Wesley and Buttercup.
The two main characters in one of my top 5 favorite movies, “The Princess Bride.” It’s pretty much a fairy tale, with some characters I would describe as colorful and not “goody-goody.” There are some pretty evil folk living in Wesley and Buttercup’s world, who manipulate and abuse them, endeavor to keep them off-track and unsuccessful at fulfilling their main goal – to be together. Yet, at all costs, they fight the odds to achieve their dream. Wesley makes a promise to her that he will always come for her. Always. Not sometime, or half of the time, or only if it’s a leap year, or when there is a full moon, but…ALWAYS. Now, we know the surety of promise fulfillment is contingent on who actually MAKES the promise. Wesley’s promise is not as rock solid of a promise as Matthew 28:20 or Deuteronomy 31:6, but I digress and you get the picture anyway.
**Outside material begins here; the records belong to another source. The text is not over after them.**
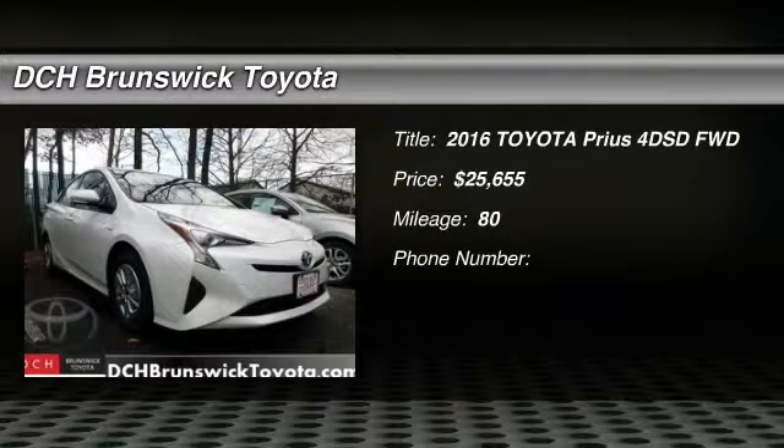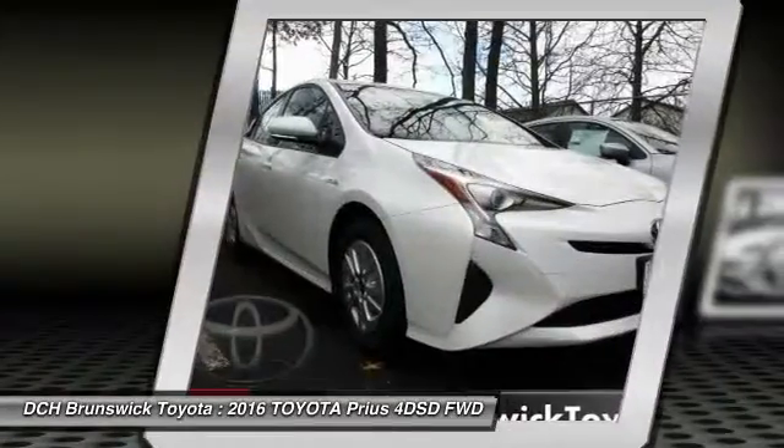The 2016 Toyota Prius. Prius offers harmony between man, nature, and machine.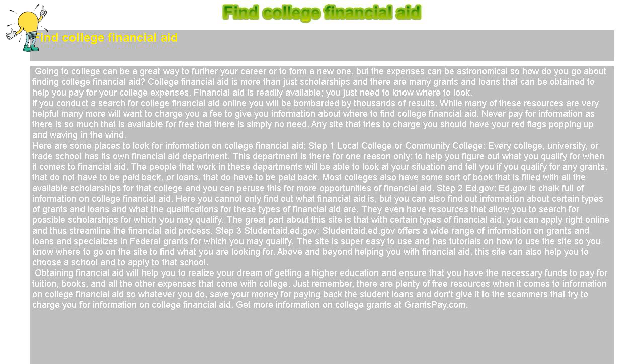Financial aid is readily available — you just need to know where to look. If you conduct a search for college financial aid online, you will be bombarded by thousands of results. While many of these resources are very helpful, many more will want to charge you a fee. Never pay for information, as there is so much available for free. Any site that tries to charge you should have your red flags popping up and waving in the wind.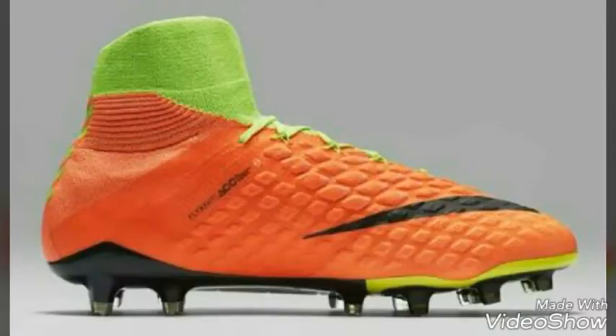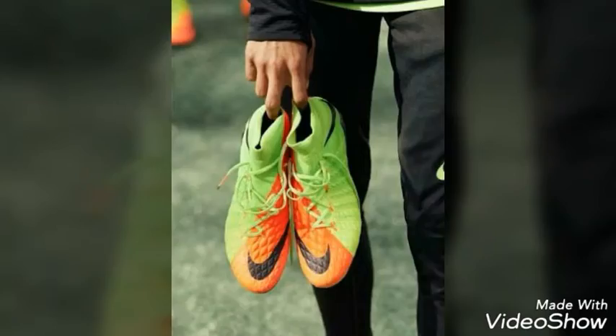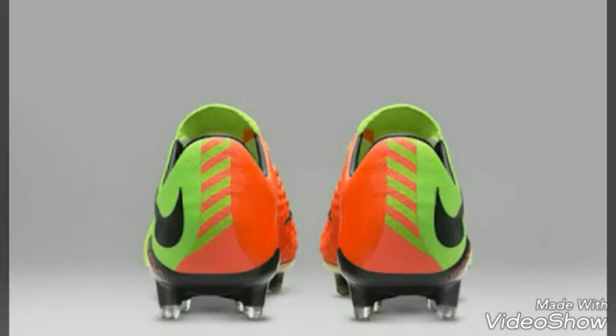Robert Lewandowski versus CR7 with the Mercurial Superfly - that would be a battle of the era.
Their quest brings them to the Fire Swamp and they have to make it through in order to escape capture by Prince Humperdinck (what a name).
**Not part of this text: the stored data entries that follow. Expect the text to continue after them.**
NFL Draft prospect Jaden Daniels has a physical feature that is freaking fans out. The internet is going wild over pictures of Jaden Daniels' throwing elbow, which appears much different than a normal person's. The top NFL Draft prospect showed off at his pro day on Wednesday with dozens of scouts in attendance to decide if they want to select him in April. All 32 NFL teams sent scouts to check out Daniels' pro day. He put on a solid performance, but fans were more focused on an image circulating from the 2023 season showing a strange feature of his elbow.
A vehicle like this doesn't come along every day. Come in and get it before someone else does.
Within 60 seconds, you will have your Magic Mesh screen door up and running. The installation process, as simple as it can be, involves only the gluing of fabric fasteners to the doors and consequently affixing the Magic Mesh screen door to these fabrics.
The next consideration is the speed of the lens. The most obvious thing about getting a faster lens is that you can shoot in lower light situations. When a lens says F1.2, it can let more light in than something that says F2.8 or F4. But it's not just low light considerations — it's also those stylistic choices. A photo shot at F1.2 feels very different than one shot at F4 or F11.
The Fire Swamp is a perilous place and renowned throughout the kingdom for having super-sized rodents, “lightening sand” (quicksand) and pockets of earth that sprout flame. Wesley is confident they will make it through safely because they are facing it together; Buttercup, however, isn’t quite so sure. I liken the Fire Swamp to our own personal wilderness, whatever it may be. Sometimes we find ourselves in one or headed to one as a result of our own choices. Sometimes we look around and find ourselves in the heart of the wilderness, through no fault or action of our own. It doesn’t matter which road led you, but the dark, dry, desolate, discouraging, despairing atmosphere of the wilderness is undeniable. You open your mouth to speak to these “dry bones” around you (Ezekiel 37), being obedient to “…call[eth] those things which be not as though they were” (Romans 4:17), and you see nothing change. So you live a little while longer in the wilderness. On the days you get frustrated and angry about being there, you find yourself, maybe even feel yourself, drifting, losing your connection to the Vine. Then the thoughts come, coupled with the internal questions because after all “why am I still here? I thought I only had to suffer for a little while (1 Peter 5:10)? Is this what being loved looks like (Jeremiah 31:3)?
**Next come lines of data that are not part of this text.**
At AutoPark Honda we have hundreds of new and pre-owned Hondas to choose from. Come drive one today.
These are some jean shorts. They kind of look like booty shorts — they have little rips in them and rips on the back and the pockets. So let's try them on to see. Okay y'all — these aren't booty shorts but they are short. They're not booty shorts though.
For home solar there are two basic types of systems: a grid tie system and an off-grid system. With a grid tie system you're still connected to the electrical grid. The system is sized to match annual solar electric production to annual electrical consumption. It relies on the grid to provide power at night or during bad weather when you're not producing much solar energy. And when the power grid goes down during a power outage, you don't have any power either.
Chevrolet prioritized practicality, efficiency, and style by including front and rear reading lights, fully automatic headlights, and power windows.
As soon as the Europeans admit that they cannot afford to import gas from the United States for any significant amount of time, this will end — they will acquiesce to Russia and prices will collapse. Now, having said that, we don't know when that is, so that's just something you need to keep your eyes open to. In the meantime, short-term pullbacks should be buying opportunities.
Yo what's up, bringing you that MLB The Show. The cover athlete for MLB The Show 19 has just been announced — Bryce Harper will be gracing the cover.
I know many people feel like they cannot question God. They believe it blasphemy to even dare. But my God isn’t scared of my questions. He knows I’m a thinker because He made me that way. He knows I need to sit with things, study them, research them, see why it went down the way it did. Some days He will indulge me (Psalms 103:13-14). Some days He reminds me He is God (Psalms 100:3), and who am I to question? (Job 38:4). Either way, He is with me in my wilderness. When I drift, His spirit draws me back with compassion. When I believe and speak His truth, He illuminates the path before me so I can walk out of the wilderness. The Bible tells us that the Word became flesh (John 1:14). In my minds’ eye, I can picture the physical being of Jesus leading us out of any wilderness we may find ourselves in. He is in front of us, looking back with His hand extended, lightly holding our fingertips, guiding you and I away from our Fire Swamp (Psalm 31:3).
P.S.—Wesley and Buttercup made it through and were troubled no more by Prince Humperdinck. They lived happily ever after…duh, it IS a fairy tale you know.